====== THE DATA
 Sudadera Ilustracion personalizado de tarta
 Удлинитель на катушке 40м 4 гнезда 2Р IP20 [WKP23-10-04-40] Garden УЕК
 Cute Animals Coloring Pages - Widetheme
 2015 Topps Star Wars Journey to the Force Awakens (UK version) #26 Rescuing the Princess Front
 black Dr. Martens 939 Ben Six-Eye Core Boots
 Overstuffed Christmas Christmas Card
============
====== THE DATA
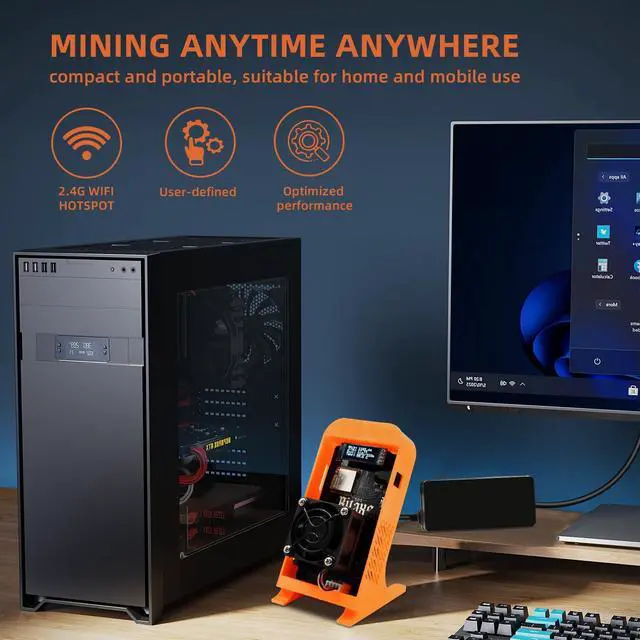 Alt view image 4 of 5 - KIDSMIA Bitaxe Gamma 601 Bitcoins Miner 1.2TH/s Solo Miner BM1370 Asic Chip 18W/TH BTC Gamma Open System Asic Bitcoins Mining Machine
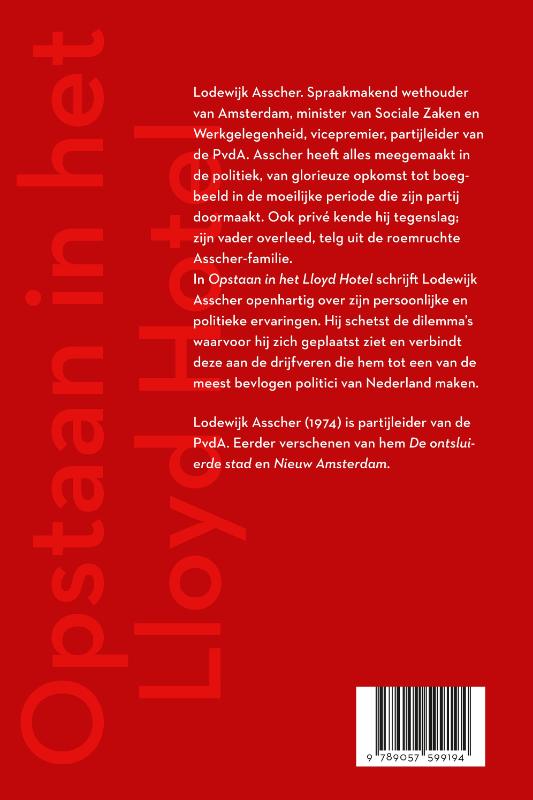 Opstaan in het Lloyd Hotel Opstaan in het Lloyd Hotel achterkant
============
====== THE DATA
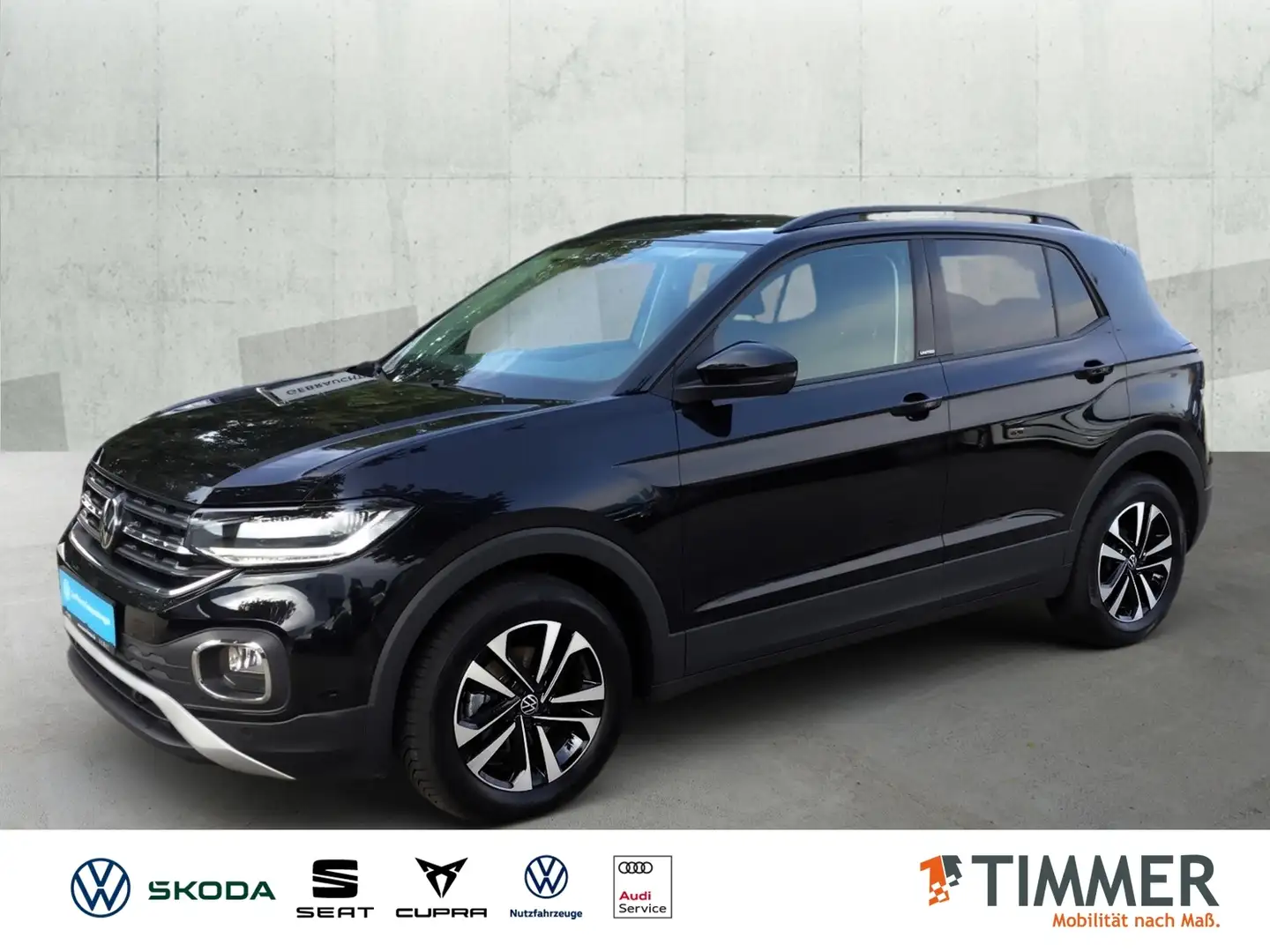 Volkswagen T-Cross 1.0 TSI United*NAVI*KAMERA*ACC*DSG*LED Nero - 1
============
[WORK TASK]
Both the line containing "Cute Animals Coloring Pages - Widetheme" and the line containing "Overstuffed Christmas Christmas Card" belong in the answer. Print them and every line above that falls between them exactly, and no others.

[SOLUTION]
 Cute Animals Coloring Pages - Widetheme
 2015 Topps Star Wars Journey to the Force Awakens (UK version) #26 Rescuing the Princess Front
 black Dr. Martens 939 Ben Six-Eye Core Boots
 Overstuffed Christmas Christmas Card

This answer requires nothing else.